4/ Le spectacle fait partie de la mission de l’entraîneur parisien

Au Parc, les places les moins chères sont à 40 euros. Et ça grimpe très vite : 75, 85, 100 euros et (beaucoup) plus ensuite. Voir le PSG jouer en vrai n’est pas à la portée de toutes les bourses. Sur le strict plan de la stratégie économique, cela se défend. L’équipe dirigeante doit minimiser les risques vis-à-vis du fair-play financier en optimisant ses recettes. Et surtout, donner accès à une équipe de stars achetée plus de 300 millions d’euros, c’est un service et une promesse de spectacle qui peut se monnayer au prix fort. Surtout si le spectacle suit.

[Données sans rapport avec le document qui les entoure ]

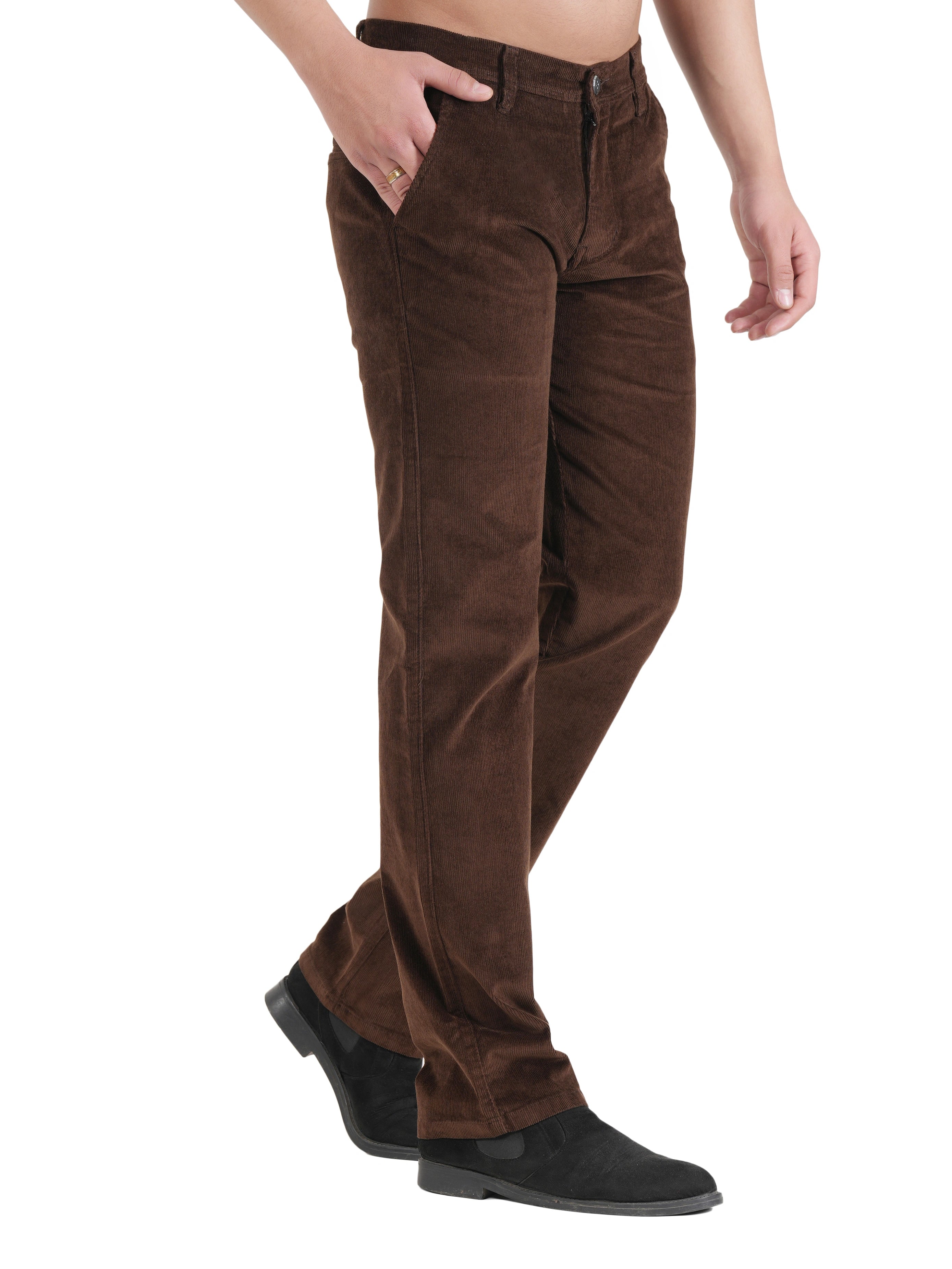Flaked Corduroy Relaxed Fit Stretchable Trouser - Cocoa Drift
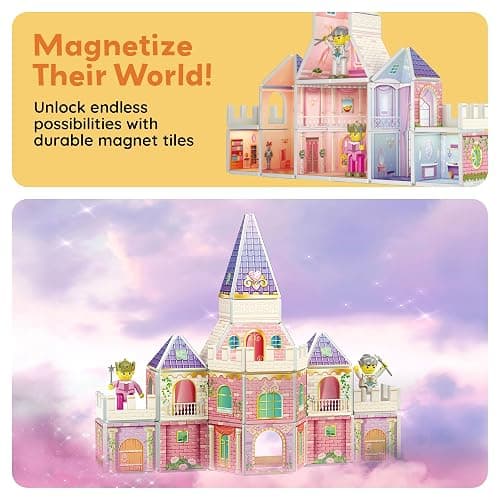 PicassoTiles 60pc Magnetic Tile Princess Castle Building Set with Double Sided Printed Tiles 2 Character Figures STEM Educational Toy Kit for Kids Pretend Play Montessori Learning Ages 3 to 8 PTQ04 thumbnail 8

Il n’aura échappé à personne que la stratégie de QSI au PSG consistait à construire l’image la plus positive possible de l’équipe, de la ville, du projet, du savoir-faire qatari. Image "rayonnante" serait un terme plus adapté. Nasser-Al-Khelaïfi l’a souvent rappelé depuis sa prise de fonction. Il veut voir du spectacle. Du beau football. A défaut, de l’intensité. Que le PSG gagne n’est qu’une partie de la feuille de route. Il doit le faire en pratiquant un football agréable, qui matérialiserait sa supériorité économique chaque samedi soir. Il faut avoir la mémoire courte pour ne pas se souvenir que gagner sans bien jouer a pu être considéré comme inacceptable par l’exécutif parisien dans un passé pas si ancien. Le 22 décembre 2011, le PSG possédait 40 points en 19 journées soit 2,105 points par match en moyenne. Il était leader, contrairement à l’équipe actuelle, par ailleurs beaucoup mieux outillée sur le papier, malgré un gain moyen légèrement inférieur (2,125 points). Antoine Kombouaré avait été démis de ses fonctions. Pour un motif simple : quand il s’agit du PSG, le résultat n’est pas tout.